Balancing Blood Sugar For Weight-loss – A Guide by Brighton Hove Personal Trainer

Maintaining balanced blood sugar levels is crucial for overall health and well-being. Whether you’re a fitness enthusiast in Brighton and Hove or someone looking to improve their health, understanding how to balance blood sugar is essential. In this guide, we’ll explore practical tips and advice, with insights from a Brighton Hove personal trainer and nutritionist.

Add to your diet

Breakfast high in protein, fat and fibre:

Start your day right with a breakfast rich in proteins, fats, and fiber within an hour of waking up. Brighton Hove personal trainers often recommend protein-rich foods like fresh vegetables, seeds, eggs, cheese. Consuming high-protein meals when blood sugar levels drop can help stabilise them throughout the day.

Fat:

Incorporate healthy fats into your diet to slow down sugar absorption and regulate blood sugar levels. Food like avocado, nuts or healthy oils  like extra virgin olive oil can be great addition to your diet.

Fiber:

Boost your fiber intake with ground flaxseeds, chia seeds, and other nuts and seeds. Fiber helps slow down the metabolism of sugar.  Aim for 30 grams or 2 tablespoons of fibre per day.

Low Glycemic Index/Glycemic Load:

Focus on low glycemic index foods, especially in the morning. Visit www.glycemicindex.com for reference.

Sugar Selection:

Sweeteners like monk fruit, xylitol or stevia are the best choice.  Consider incorporating fenugreek, known for regulating glucose, HA1c, insulin, and LDL cholesterol levels.

Probiotic-rich Foods and Supplements:

Integrate fermented foods and top-quality probiotics into your diet to reduce sugar cravings.

Remove from your diet:

Avoid artificial sweeteners, as they can cause neurological damage and gut dysbiosis. Steer clear of sugars high in fructose, processed and packaged foods, and limit coffee intake, especially on an empty stomach. Keep alcohol consumption in check, avoiding late-night drinking and high-fructose corn syrup mixers.
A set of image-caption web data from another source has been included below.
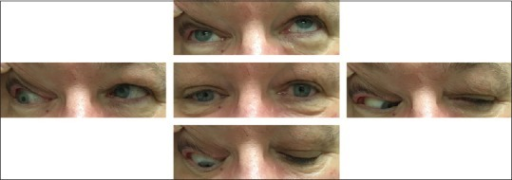 Photographs demonstrating resolution of the <b>third nerve palsy</b> 4 months after epidural spinal injection. The cente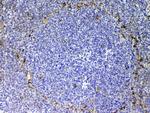 CD105 (Endoglin) Antibody in Immunohistochemistry (Paraffin) (IHC (P))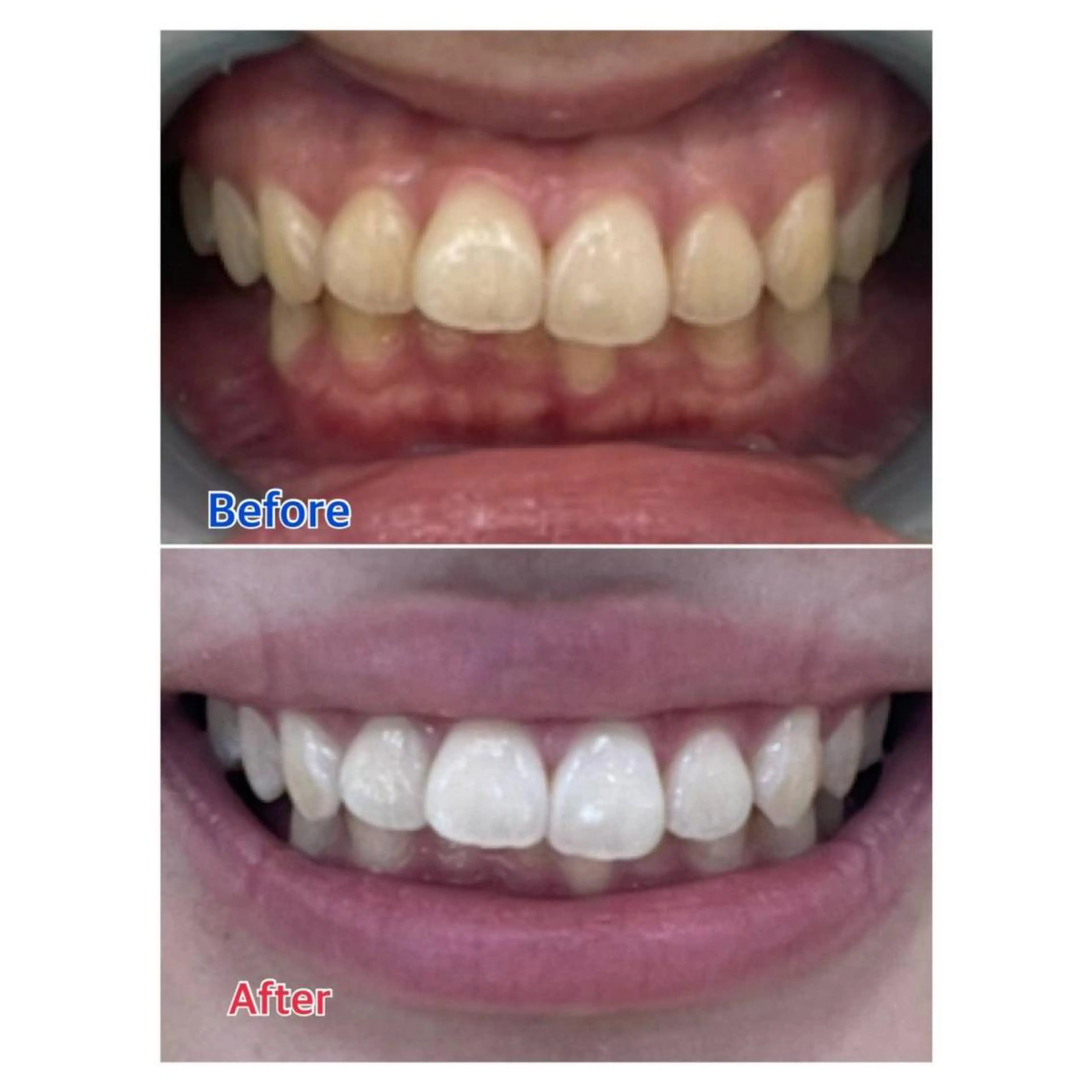 MBEAUTYSALON 千葉店・京成大久保所属・Melty 輝のその他イメージ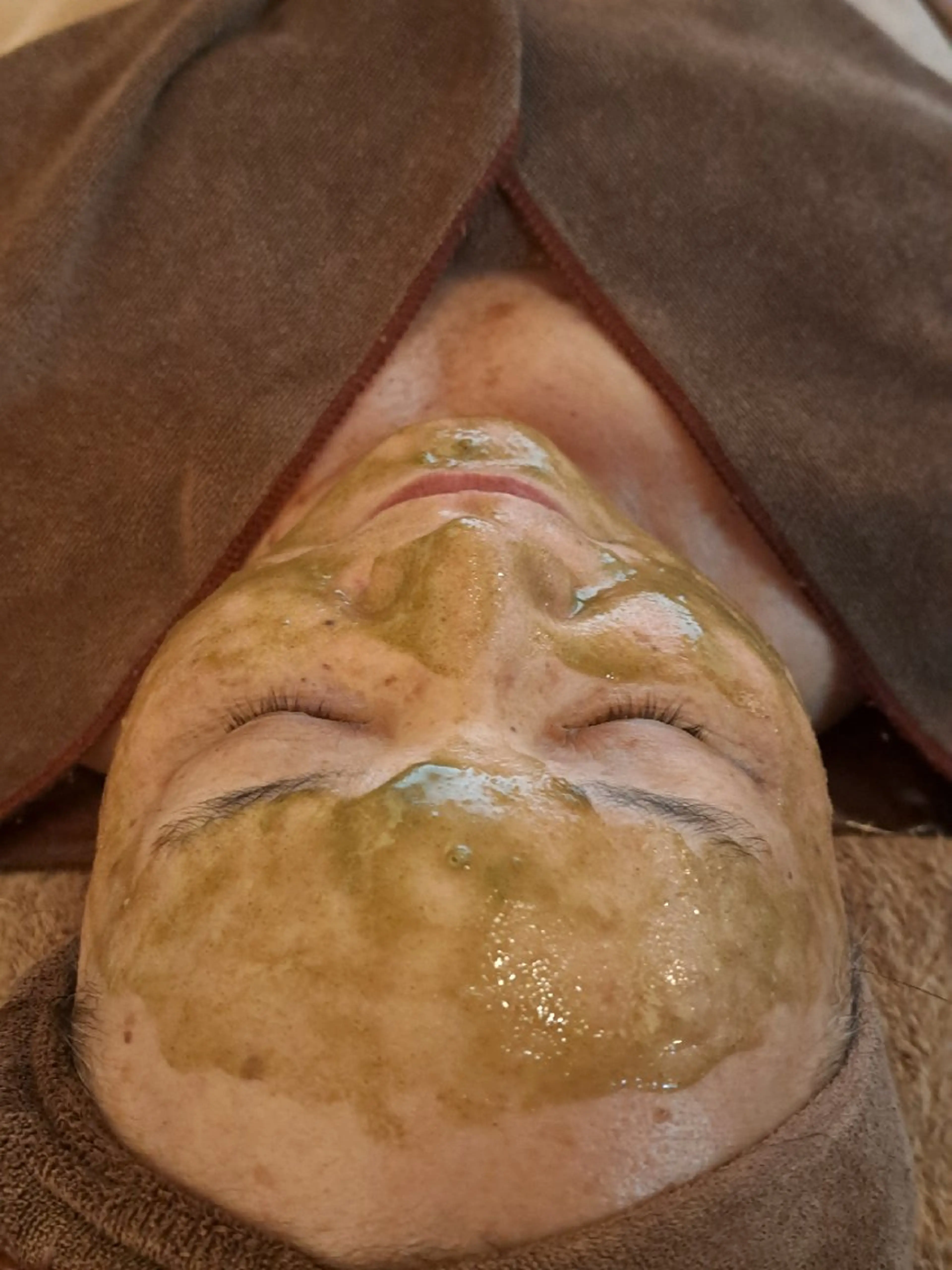 【美容鍼×ハーブピーリング🌿】ハリ艶肌✨引き締め小顔フェイシャル💆デコルテ首肩リンパ付】の写真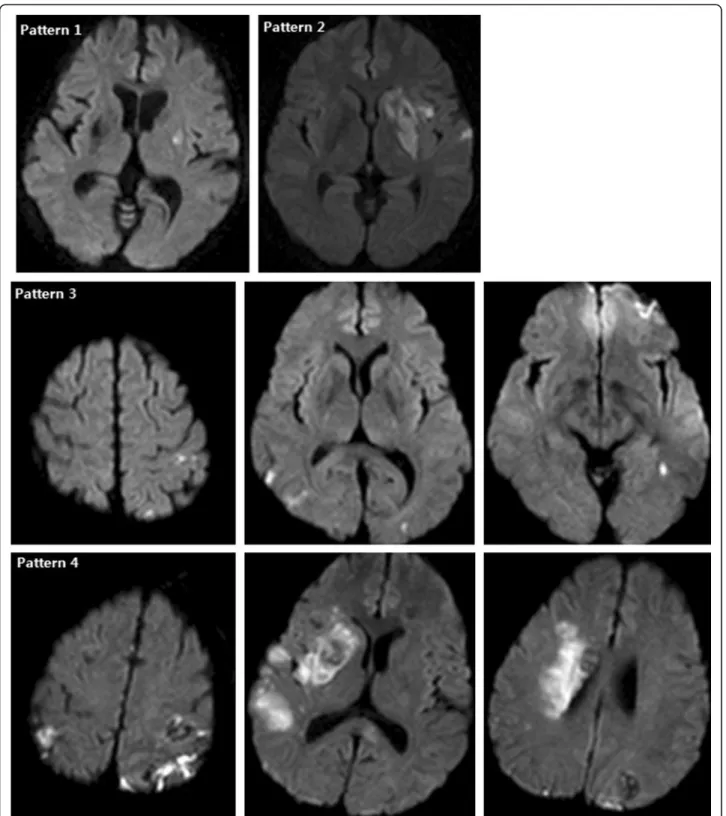 Figure 1 Patterns of acute embolic lesions on diffusion-weighted MRI in patients with infective endocarditis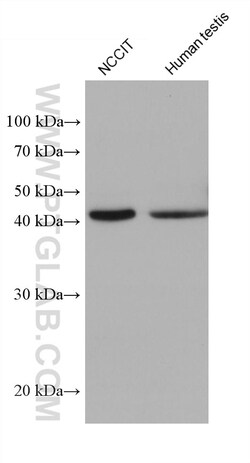 ACTRT3/ARPM1 Mouse Monoclonal Antibody, Proteintech Unconjugated; 20 &mu;L:Antibodies,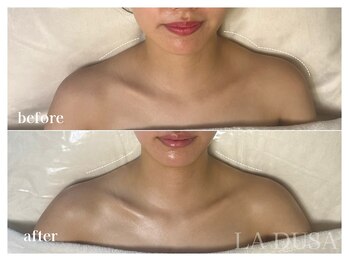 ラ ドゥーサ(La Dusa)/ガチガチ肩こりも改善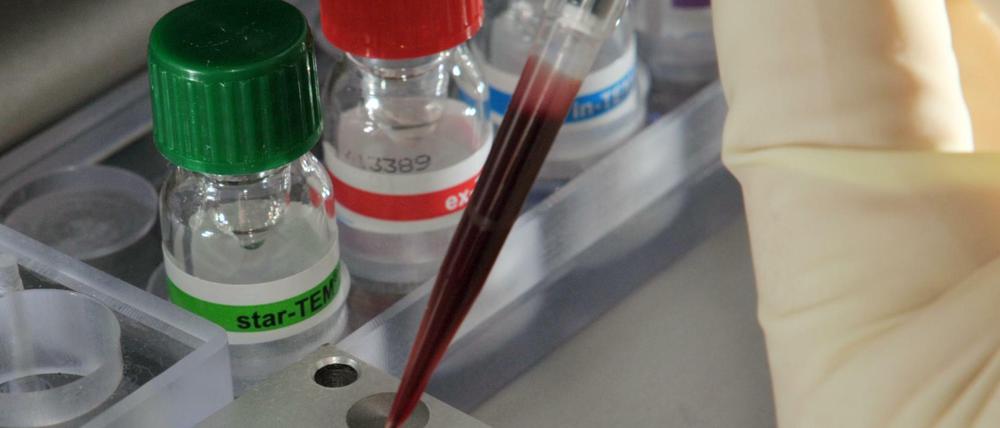 Bluttest statt unangenehmer Biopsie - bei der Krebsvorsorge noch lange nicht Alltag, aber auch keine Utopie mehr. (Symbolbild)
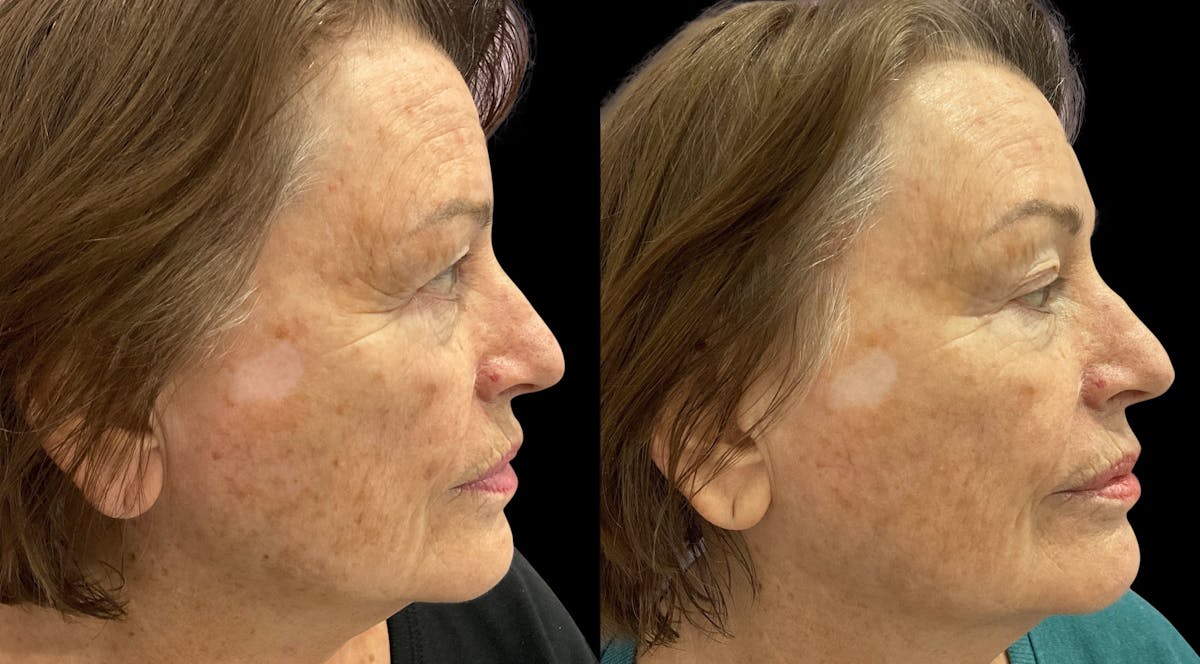 Tribella Before & After Gallery - Patient 320588 - Image 4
Late-night desserts and snacks:

Opt for healthier snack options like nuts, seeds, kale chips, or jerky before bedtime to avoid disrupting sleep.

Food Intolerances:

Identify and address potential food intolerances by trying the Elimination Diet. Common culprits include gluten, dairy, eggs, soy, corn, nightshades, yeast, certain grains, and sugar. Our personal trainers and nutritionist at our private personal training studio in Hove can help you with your diet.

Stress:

Manage stress effectively as chronic stress can deplete serotonin and dopamine levels. Brighton Hove personal trainers emphasize finding alternative ways to respond to stress. Regular exercise and good diet often helps to improve our mental health.

Conclusion:

Balancing blood sugar is a vital aspect of maintaining overall health and well-being. By incorporating these tips and considering help from our team of personal trainers and nutritionists at our private fitness studio in Hove, you can take proactive steps toward changing your diet and improving your health.